• _What you need to do_: Look through the entries that follow and return each line that has the string "Shirt".

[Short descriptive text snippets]
:::

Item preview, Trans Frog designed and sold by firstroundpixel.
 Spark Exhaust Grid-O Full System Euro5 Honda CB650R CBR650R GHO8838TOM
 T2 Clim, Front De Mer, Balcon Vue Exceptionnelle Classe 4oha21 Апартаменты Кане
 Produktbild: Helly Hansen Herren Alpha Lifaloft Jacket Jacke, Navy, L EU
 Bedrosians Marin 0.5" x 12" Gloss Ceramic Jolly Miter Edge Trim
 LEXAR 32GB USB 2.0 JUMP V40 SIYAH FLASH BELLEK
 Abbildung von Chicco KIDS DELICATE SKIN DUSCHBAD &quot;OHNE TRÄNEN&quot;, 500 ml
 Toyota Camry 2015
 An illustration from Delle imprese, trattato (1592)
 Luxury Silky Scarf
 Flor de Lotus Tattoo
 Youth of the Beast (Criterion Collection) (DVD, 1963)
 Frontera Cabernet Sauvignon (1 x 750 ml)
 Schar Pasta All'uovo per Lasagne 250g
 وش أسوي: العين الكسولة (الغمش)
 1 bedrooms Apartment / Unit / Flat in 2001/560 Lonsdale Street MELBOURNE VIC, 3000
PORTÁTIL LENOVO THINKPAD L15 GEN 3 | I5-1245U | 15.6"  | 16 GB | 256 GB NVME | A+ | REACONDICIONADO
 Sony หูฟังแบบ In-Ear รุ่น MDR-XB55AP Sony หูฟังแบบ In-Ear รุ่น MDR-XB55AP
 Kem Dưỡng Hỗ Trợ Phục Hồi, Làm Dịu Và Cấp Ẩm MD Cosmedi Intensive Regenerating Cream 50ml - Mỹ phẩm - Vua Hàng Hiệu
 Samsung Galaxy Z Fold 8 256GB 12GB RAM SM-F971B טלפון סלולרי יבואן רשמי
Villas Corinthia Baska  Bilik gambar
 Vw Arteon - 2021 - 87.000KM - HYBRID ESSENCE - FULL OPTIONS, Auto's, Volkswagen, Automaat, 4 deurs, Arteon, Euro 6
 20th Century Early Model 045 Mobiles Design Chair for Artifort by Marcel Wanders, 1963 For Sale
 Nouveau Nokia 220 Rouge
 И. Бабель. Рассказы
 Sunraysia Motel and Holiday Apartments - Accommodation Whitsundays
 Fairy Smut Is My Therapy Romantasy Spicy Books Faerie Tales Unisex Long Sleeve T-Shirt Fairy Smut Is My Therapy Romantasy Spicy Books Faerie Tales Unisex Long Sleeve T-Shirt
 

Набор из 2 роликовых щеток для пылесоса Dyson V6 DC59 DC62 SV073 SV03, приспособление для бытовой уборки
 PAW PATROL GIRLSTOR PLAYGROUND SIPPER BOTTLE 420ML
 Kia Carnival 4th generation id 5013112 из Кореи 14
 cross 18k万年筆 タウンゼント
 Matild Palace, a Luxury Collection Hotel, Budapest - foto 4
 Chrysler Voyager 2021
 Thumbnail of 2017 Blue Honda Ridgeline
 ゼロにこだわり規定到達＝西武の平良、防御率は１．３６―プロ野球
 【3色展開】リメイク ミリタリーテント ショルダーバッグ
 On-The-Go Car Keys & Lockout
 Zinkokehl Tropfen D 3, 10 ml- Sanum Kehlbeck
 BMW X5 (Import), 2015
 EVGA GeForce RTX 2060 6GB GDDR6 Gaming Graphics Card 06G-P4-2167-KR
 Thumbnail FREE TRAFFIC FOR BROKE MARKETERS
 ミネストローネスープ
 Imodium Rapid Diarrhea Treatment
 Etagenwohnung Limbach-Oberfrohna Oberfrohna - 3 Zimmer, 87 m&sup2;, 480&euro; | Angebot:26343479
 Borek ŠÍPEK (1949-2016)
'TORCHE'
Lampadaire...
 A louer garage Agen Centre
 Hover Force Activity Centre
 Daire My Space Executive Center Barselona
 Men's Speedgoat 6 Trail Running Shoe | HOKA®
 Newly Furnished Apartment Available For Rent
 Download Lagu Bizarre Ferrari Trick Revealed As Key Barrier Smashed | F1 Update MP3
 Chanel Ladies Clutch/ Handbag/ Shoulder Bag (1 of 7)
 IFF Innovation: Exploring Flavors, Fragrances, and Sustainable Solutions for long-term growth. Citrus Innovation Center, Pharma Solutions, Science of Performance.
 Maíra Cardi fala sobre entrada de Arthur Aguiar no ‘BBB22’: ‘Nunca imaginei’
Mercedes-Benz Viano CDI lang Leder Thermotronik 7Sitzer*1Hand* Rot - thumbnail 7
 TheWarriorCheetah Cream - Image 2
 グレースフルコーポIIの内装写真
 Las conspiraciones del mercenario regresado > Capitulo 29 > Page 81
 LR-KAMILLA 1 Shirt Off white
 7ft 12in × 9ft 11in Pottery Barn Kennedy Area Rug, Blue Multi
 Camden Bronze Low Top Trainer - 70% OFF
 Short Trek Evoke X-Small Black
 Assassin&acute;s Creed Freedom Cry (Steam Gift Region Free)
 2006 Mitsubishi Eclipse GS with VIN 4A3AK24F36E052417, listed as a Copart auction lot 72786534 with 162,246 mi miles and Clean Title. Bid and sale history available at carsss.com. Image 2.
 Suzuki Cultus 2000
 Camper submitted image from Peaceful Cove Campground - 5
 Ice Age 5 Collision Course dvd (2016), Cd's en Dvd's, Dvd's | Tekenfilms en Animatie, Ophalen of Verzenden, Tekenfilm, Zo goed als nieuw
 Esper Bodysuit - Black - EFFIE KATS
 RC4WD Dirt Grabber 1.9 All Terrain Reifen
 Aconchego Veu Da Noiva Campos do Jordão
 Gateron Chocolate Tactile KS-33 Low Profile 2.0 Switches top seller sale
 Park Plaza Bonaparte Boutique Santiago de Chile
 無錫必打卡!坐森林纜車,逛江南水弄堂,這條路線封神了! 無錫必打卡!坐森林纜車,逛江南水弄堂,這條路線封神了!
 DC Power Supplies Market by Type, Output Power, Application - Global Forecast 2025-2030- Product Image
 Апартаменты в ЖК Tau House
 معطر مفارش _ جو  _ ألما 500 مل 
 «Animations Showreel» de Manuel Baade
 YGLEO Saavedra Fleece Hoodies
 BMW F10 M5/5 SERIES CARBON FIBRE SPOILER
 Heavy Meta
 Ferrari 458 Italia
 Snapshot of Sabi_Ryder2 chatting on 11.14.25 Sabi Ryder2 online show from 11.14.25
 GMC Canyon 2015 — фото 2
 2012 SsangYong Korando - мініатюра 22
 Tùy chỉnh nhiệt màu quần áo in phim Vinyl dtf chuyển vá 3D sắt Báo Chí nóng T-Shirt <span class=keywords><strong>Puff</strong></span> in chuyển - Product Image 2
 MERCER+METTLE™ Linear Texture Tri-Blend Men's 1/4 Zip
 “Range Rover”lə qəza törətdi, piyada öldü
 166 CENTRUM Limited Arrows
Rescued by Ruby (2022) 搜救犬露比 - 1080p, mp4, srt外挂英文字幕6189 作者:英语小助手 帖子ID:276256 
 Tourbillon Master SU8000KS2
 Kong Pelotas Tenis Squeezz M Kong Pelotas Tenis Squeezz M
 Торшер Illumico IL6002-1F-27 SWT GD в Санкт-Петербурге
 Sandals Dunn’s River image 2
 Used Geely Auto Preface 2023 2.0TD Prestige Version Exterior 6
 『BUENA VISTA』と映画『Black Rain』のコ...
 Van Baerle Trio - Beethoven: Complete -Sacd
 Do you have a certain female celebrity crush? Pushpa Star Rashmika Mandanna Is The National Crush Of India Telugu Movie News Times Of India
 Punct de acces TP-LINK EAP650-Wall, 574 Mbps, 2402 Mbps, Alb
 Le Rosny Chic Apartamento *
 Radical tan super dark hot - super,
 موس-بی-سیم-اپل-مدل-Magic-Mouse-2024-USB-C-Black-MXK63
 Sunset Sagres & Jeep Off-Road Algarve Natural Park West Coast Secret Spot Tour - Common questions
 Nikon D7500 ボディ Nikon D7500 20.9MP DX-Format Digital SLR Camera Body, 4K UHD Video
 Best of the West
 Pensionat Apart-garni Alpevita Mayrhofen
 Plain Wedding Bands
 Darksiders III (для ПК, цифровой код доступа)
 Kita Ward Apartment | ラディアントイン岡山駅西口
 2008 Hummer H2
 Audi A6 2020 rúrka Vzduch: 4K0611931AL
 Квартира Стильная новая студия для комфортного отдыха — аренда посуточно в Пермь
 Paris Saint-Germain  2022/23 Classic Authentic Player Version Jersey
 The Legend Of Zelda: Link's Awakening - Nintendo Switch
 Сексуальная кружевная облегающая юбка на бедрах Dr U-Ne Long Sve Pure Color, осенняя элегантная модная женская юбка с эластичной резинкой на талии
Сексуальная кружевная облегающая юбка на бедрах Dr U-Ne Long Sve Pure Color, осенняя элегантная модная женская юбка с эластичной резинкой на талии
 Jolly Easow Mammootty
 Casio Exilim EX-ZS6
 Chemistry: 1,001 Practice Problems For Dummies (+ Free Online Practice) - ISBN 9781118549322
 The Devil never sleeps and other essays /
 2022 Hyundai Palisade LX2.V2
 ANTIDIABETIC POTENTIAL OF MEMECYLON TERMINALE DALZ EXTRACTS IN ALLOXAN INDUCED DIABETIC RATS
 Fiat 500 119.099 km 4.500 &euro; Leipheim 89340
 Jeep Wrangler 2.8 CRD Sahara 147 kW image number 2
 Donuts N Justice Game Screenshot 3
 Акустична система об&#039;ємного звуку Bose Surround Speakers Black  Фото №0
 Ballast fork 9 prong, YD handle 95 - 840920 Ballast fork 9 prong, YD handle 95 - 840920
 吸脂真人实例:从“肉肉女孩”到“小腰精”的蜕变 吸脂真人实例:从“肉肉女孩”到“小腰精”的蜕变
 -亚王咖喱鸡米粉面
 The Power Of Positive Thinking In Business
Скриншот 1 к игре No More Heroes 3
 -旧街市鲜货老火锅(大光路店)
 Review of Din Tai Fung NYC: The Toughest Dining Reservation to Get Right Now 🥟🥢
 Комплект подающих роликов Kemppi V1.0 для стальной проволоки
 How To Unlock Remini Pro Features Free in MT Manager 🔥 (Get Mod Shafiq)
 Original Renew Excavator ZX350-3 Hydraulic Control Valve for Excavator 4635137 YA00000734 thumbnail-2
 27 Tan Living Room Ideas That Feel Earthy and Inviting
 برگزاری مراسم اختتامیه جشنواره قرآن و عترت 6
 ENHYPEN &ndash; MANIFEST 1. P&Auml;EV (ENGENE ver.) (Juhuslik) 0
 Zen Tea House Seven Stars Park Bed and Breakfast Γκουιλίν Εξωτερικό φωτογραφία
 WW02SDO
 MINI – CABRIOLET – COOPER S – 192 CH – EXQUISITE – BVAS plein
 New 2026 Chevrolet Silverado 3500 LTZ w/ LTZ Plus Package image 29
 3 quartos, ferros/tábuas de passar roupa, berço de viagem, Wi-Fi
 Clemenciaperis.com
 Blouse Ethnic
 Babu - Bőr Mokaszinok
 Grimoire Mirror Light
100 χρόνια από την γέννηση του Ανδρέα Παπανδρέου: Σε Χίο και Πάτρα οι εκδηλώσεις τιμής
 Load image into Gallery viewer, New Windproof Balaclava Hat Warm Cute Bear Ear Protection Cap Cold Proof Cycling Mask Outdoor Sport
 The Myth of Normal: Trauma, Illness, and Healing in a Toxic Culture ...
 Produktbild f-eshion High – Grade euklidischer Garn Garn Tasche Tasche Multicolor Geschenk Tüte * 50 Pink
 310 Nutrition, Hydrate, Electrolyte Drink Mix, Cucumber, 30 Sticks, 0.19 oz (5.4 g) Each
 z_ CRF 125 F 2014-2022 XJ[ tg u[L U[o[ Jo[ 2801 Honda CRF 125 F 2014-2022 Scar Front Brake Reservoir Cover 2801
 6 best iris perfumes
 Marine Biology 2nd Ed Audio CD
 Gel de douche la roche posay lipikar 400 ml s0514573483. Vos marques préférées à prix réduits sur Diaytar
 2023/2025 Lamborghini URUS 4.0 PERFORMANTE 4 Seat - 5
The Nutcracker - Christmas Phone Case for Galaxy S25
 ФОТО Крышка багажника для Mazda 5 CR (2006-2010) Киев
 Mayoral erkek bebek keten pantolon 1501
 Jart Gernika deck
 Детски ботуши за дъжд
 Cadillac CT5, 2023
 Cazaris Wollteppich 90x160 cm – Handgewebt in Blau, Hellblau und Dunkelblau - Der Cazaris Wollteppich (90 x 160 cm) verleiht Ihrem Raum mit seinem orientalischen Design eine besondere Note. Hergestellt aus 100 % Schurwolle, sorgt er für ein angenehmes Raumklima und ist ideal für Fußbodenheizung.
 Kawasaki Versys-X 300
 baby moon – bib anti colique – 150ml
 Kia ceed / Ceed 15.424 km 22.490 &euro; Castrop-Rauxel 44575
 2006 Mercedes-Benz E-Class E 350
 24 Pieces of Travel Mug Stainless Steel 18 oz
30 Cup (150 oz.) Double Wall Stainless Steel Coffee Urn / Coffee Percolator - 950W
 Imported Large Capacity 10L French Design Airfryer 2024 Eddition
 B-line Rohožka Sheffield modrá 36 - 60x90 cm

:::

• _Your response_:
 Fairy Smut Is My Therapy Romantasy Spicy Books Faerie Tales Unisex Long Sleeve T-Shirt Fairy Smut Is My Therapy Romantasy Spicy Books Faerie Tales Unisex Long Sleeve T-Shirt
 LR-KAMILLA 1 Shirt Off white
 Tùy chỉnh nhiệt màu quần áo in phim Vinyl dtf chuyển vá 3D sắt Báo Chí nóng T-Shirt <span class=keywords><strong>Puff</strong></span> in chuyển - Product Image 2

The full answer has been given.